(WHAT IS BEING ASKED)
Quote, without any change, the line that contains "PE anti-human CD235ab" and all lines that follow it to the end of the data below.

(DATA)
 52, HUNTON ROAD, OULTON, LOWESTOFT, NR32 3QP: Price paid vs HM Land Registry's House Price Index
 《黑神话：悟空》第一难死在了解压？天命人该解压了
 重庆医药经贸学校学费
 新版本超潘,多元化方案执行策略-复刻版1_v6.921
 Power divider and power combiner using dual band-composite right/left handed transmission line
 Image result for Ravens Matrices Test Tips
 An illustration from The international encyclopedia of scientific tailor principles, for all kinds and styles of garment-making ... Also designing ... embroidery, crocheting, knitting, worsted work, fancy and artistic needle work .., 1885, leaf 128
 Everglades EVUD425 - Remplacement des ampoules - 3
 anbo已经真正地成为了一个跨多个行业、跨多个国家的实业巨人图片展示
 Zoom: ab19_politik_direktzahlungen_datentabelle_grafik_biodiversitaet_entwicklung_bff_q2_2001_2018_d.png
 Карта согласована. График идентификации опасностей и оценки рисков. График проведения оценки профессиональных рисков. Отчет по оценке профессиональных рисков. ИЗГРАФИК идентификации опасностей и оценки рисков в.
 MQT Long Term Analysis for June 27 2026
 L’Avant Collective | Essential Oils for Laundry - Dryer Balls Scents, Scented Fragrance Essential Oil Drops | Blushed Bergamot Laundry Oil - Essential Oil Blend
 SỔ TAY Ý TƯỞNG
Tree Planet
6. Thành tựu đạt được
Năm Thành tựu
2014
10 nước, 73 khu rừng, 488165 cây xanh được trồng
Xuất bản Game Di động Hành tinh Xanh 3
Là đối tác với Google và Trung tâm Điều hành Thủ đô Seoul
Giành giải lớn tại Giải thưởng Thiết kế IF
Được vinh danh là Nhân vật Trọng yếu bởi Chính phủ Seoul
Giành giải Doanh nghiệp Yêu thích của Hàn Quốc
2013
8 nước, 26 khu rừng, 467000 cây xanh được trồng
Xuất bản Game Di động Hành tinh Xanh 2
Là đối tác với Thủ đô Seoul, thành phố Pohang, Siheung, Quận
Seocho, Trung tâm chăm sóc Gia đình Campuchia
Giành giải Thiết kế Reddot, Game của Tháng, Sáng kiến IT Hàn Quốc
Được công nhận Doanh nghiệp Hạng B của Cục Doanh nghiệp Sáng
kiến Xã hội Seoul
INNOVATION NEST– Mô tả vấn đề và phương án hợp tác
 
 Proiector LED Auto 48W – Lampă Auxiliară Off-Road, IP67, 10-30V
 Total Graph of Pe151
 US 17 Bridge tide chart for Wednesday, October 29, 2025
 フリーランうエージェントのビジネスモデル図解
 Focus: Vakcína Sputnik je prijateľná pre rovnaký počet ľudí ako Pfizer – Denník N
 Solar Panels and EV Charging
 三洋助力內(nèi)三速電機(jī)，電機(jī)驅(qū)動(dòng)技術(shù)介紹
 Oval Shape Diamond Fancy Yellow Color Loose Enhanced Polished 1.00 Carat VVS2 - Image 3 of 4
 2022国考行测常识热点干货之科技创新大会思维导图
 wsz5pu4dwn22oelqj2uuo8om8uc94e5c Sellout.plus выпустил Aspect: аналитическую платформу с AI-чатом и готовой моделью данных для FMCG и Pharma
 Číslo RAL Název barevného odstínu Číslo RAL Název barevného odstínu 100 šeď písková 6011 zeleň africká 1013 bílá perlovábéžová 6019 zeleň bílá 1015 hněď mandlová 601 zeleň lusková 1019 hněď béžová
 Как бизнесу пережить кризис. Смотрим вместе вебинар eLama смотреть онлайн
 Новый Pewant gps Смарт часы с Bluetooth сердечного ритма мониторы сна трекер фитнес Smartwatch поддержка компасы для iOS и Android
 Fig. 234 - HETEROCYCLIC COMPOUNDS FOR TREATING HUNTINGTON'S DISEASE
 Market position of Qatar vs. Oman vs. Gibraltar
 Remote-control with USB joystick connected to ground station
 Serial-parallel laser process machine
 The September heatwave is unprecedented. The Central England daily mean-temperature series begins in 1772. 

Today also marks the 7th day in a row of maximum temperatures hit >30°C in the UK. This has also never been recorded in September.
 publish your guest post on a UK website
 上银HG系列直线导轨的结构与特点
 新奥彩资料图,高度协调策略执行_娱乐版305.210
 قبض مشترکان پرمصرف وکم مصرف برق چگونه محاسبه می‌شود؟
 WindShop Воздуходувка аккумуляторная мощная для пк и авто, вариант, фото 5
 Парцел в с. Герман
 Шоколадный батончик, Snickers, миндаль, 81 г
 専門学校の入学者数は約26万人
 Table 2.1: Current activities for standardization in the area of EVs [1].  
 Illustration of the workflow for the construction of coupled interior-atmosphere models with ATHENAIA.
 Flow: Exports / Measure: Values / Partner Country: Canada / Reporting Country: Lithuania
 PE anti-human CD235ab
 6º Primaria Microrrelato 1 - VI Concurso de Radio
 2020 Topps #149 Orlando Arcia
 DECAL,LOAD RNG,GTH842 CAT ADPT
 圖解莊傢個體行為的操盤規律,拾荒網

(RESPONSE TO THE EXERCISE)
 PE anti-human CD235ab
 6º Primaria Microrrelato 1 - VI Concurso de Radio
 2020 Topps #149 Orlando Arcia
 DECAL,LOAD RNG,GTH842 CAT ADPT
 圖解莊傢個體行為的操盤規律,拾荒網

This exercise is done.